Pictures with short captions:
----------------
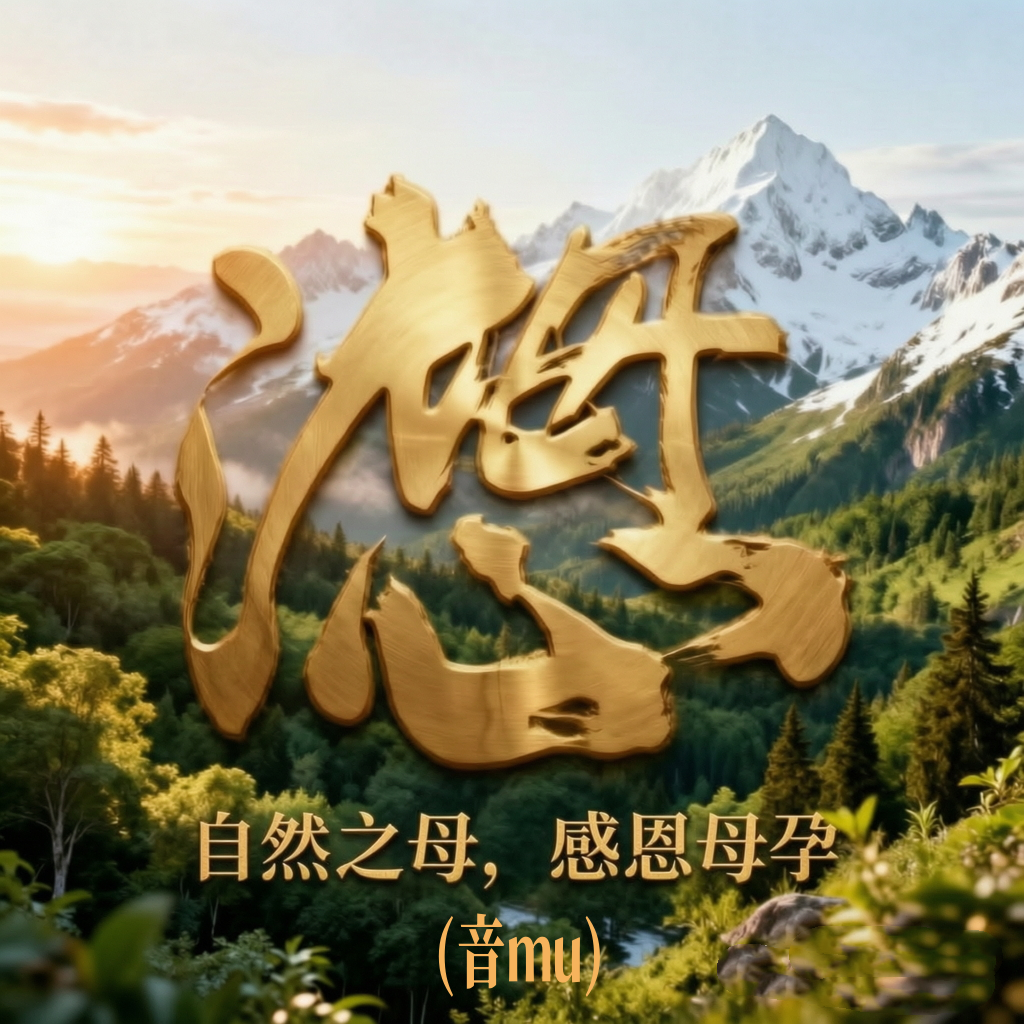 <strong>自然之母，万物生命的慈母——地球正名</strong>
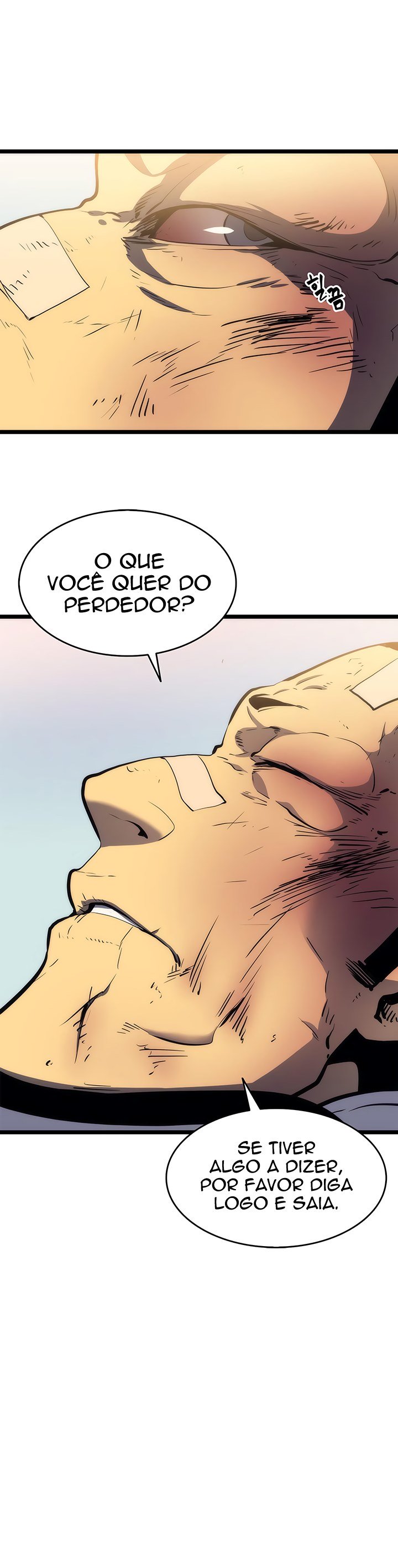 Read Solo Leveling Português Manga Online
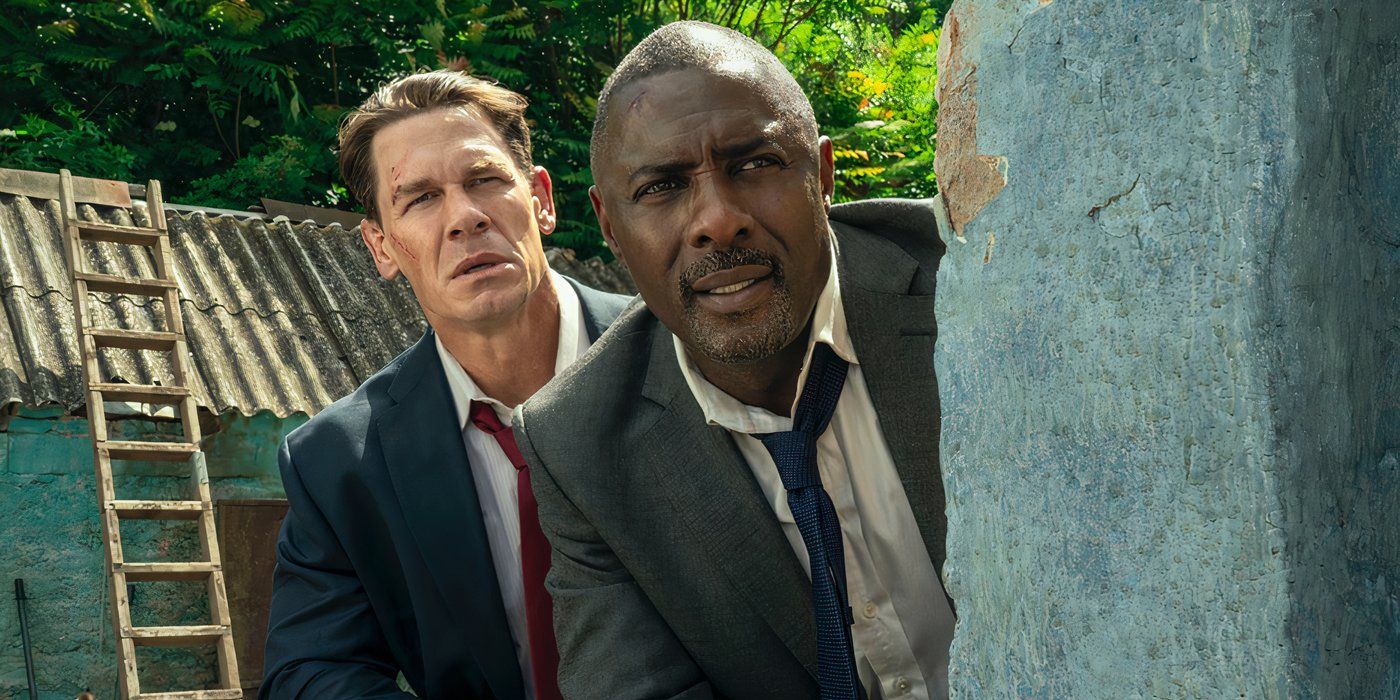 Revisión de Jefes de Estado: La relación enemigos a los amigos de John Cena e Idris Elba evita que el Actioner de Prime Video se vuelva obsoleto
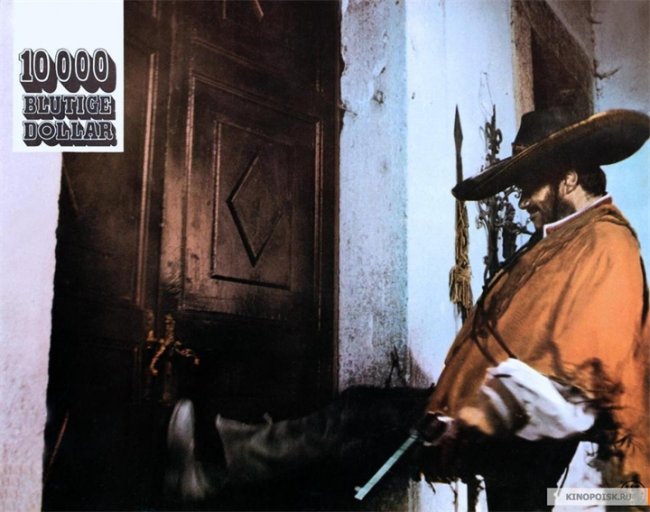 10 000 кровавых долларов (10.000 dollari per un massacro) - Трейлеры
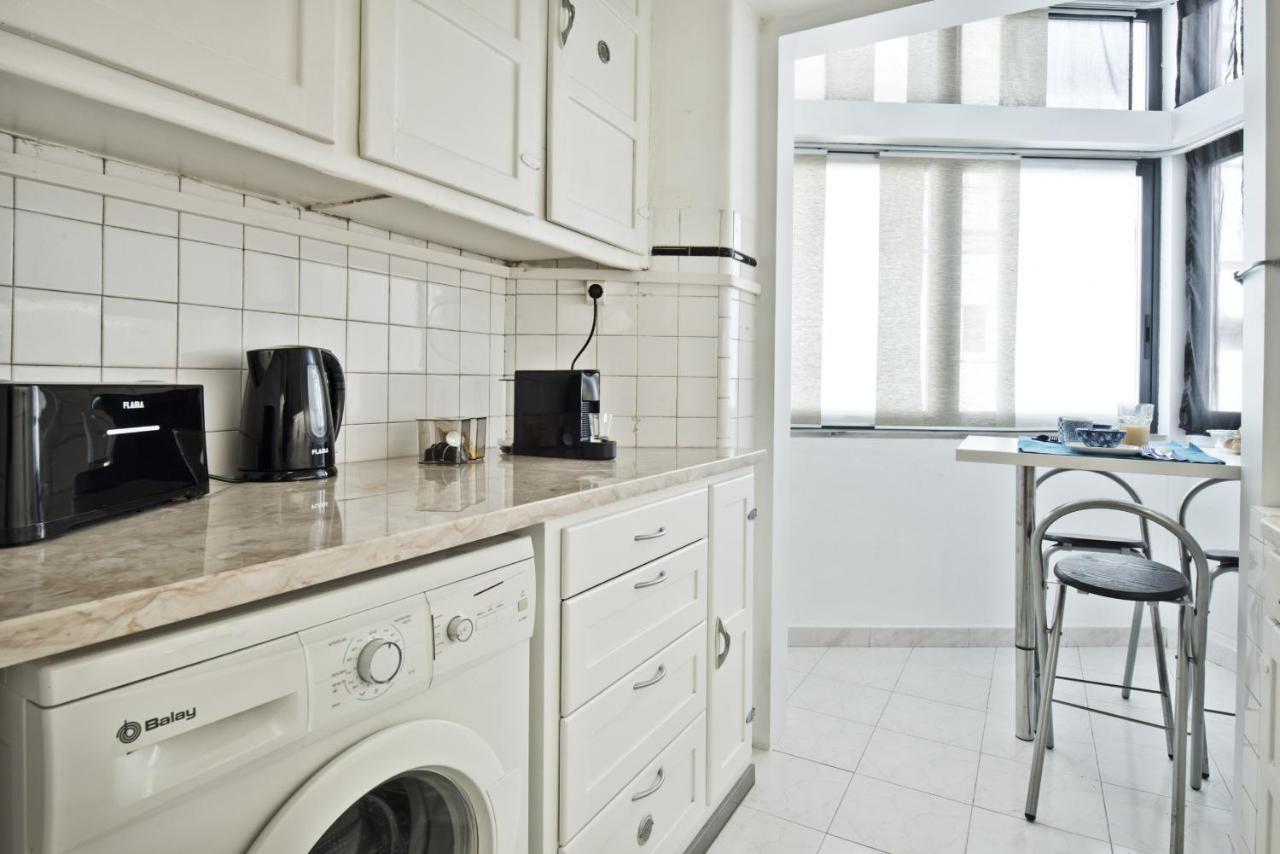 Bmyguest Arroios Central Apartment Lisboa Dış mekan fotoğraf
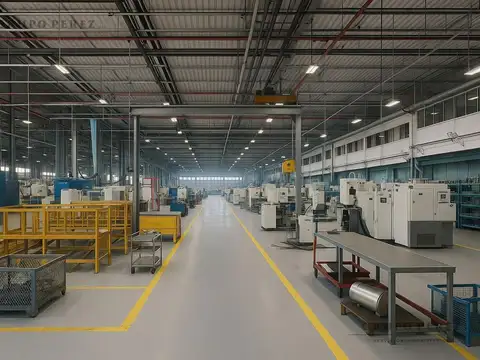 Galpon en Alquiler 60  mts Frente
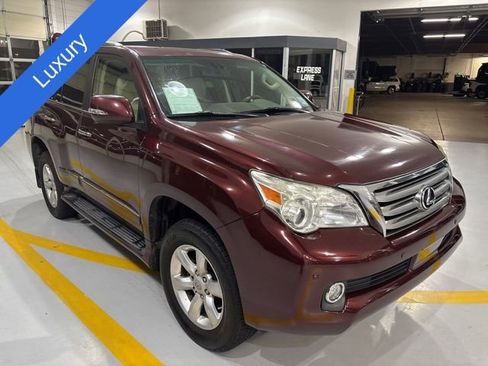 Used 2013 Lexus GX 460 w/ Comfort Plus Pkg image 7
----------------
What you should do:
Exclude the pictures. Write out the remaining data exactly.

Answer to this problem:
 <strong>自然之母，万物生命的慈母——地球正名</strong>
 Read Solo Leveling Português Manga Online
 Revisión de Jefes de Estado: La relación enemigos a los amigos de John Cena e Idris Elba evita que el Actioner de Prime Video se vuelva obsoleto
 10 000 кровавых долларов (10.000 dollari per un massacro) - Трейлеры
 Bmyguest Arroios Central Apartment Lisboa Dış mekan fotoğraf
 Galpon en Alquiler 60  mts Frente
 Used 2013 Lexus GX 460 w/ Comfort Plus Pkg image 7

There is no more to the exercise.